MATERIAL PROVIDED: Begin
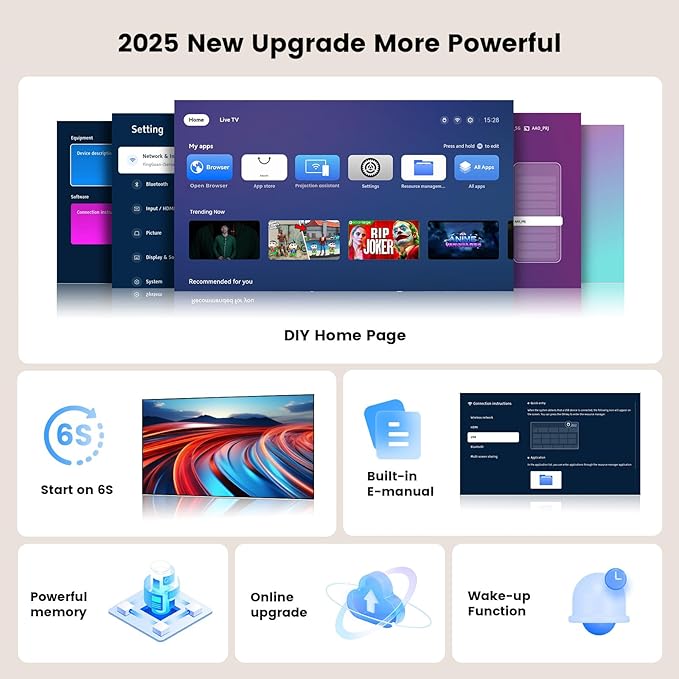 [1200 ANSI/Auto Focus/Built-in APPs] Outdoor-Projector-4K with Wifi6 and Bluetooth, Smart TV OS & DoIby, Portable Projector with Netflix/YouTube/PrimeVideo, ONOAYO 1080P Proyector with 300 ''Display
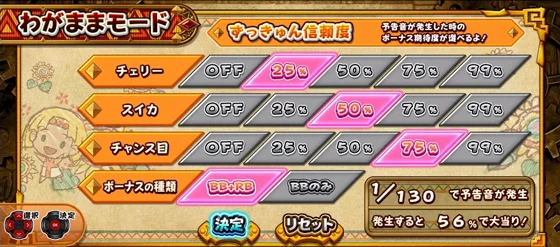クレアの秘宝伝 ～はじまりの扉と太陽の石～ ボーナストリガーver.のわがままモードの設定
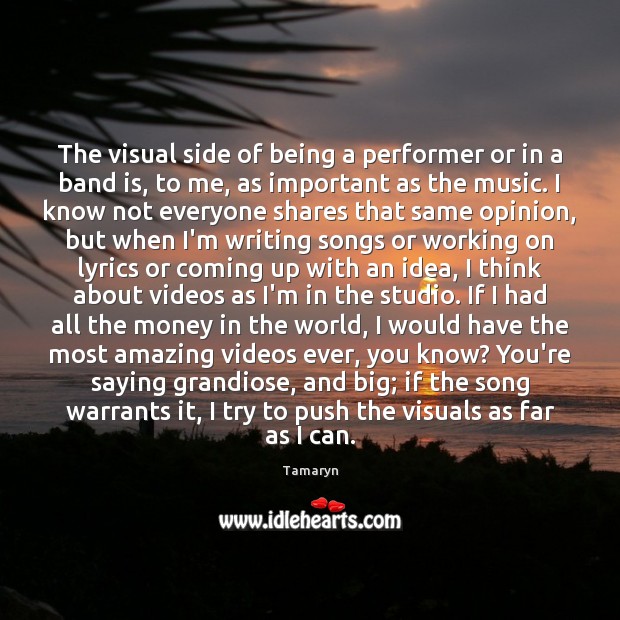 The visual side of being a performer or in a band is, Tamaryn Picture Quote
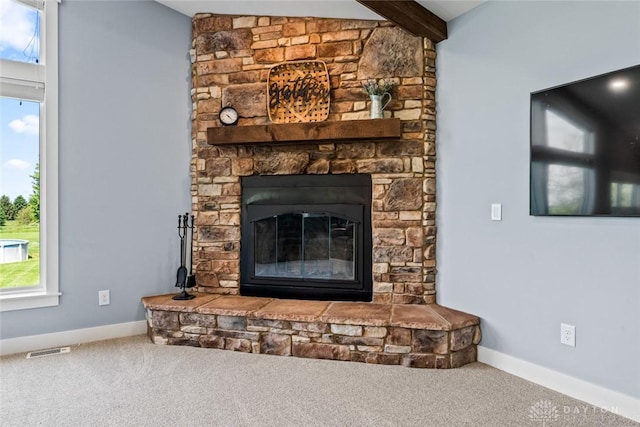 1737 Wilmington Rd, Cedarville Twp, OH 45314 - detailed view of carpet and a fireplace
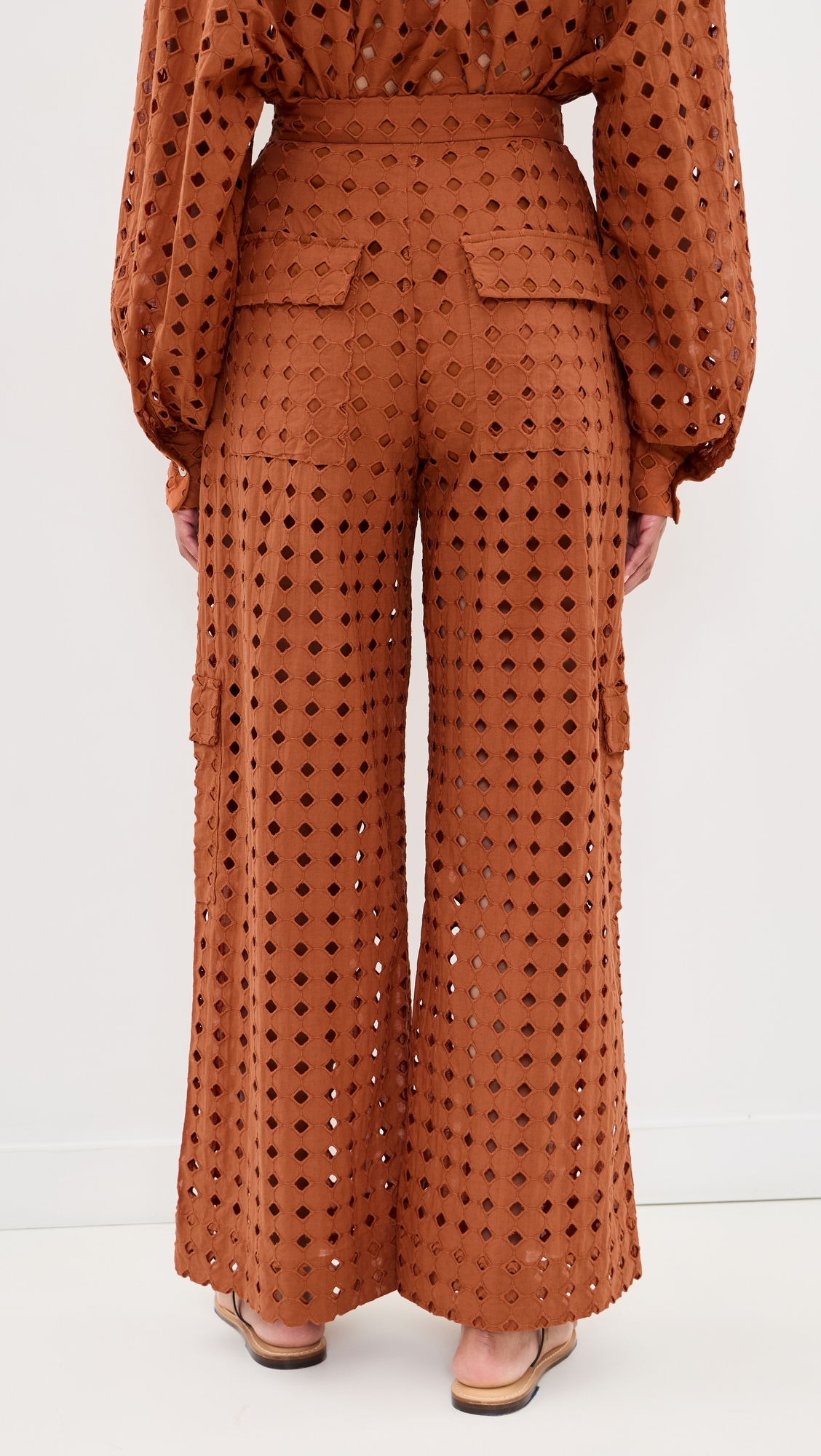 Brown Castanha Eyelet Cargo Pants Brown Castanha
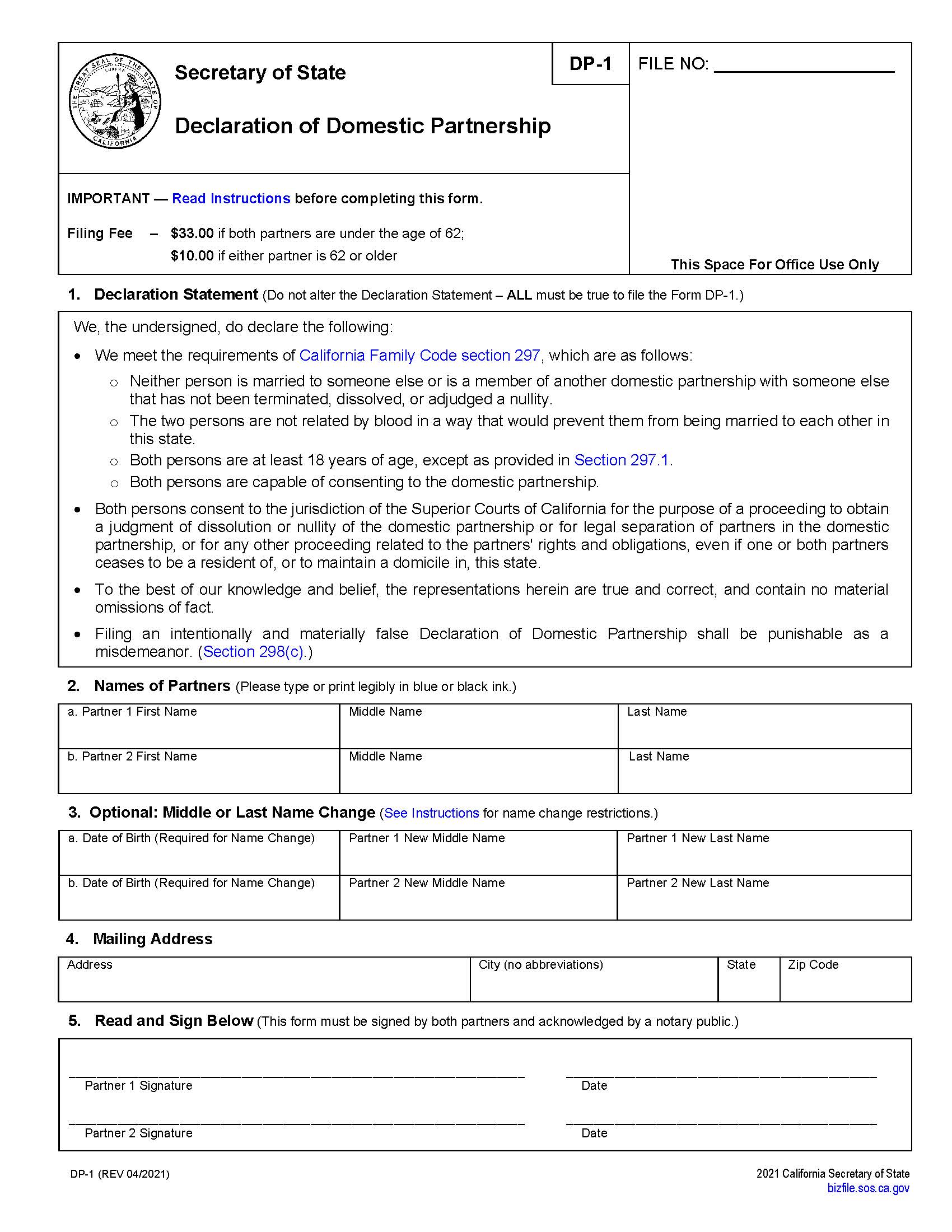 Declaration Of Domestic Partnership {NP-SF DP-1} | Pdf Fpdf Doc Docx | California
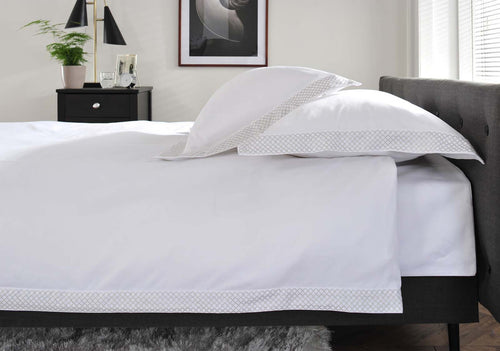 The Anmer Bed Linen Set in Silver - Dressed Bed - Side on View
MATERIAL PROVIDED: End
REQUIRED WORK: Everything in the data except the pictures must appear in your answer unchanged.

RESULT:
 [1200 ANSI/Auto Focus/Built-in APPs] Outdoor-Projector-4K with Wifi6 and Bluetooth, Smart TV OS & DoIby, Portable Projector with Netflix/YouTube/PrimeVideo, ONOAYO 1080P Proyector with 300 ''Display
クレアの秘宝伝 ～はじまりの扉と太陽の石～ ボーナストリガーver.のわがままモードの設定
 The visual side of being a performer or in a band is, Tamaryn Picture Quote
 1737 Wilmington Rd, Cedarville Twp, OH 45314 - detailed view of carpet and a fireplace
 Brown Castanha Eyelet Cargo Pants Brown Castanha
 Declaration Of Domestic Partnership {NP-SF DP-1} | Pdf Fpdf Doc Docx | California
 The Anmer Bed Linen Set in Silver - Dressed Bed - Side on View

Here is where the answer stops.